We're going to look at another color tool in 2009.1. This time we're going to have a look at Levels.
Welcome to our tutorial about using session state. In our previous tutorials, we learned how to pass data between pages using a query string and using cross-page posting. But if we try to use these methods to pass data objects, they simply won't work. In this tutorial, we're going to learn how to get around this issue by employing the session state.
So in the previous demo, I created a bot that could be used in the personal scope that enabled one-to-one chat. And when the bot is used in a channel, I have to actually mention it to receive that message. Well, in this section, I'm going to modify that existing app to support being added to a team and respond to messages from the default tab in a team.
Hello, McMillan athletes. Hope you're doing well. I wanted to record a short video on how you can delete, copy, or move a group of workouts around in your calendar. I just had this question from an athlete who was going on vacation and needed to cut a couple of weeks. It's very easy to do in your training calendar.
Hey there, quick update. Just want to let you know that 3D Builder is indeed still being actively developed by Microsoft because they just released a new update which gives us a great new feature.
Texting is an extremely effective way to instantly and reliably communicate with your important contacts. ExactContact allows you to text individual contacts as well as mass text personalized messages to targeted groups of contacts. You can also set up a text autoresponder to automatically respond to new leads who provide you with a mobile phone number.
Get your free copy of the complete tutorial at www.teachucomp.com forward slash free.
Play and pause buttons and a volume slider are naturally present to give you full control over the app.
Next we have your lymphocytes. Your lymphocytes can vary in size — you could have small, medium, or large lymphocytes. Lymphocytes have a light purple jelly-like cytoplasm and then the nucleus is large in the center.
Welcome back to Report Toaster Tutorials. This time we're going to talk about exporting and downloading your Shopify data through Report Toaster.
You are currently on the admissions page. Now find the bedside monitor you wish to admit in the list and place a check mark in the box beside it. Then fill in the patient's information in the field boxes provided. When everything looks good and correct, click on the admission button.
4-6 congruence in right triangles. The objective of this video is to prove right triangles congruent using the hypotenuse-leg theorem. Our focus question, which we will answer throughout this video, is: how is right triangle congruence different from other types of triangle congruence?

__TASK BRIEF__
Find the word "time" in the listing and copy each line that contains it.

__OUTPUT FOR THIS TASK__
We're going to look at another color tool in 2009.1. This time we're going to have a look at Levels.
Welcome back to Report Toaster Tutorials. This time we're going to talk about exporting and downloading your Shopify data through Report Toaster.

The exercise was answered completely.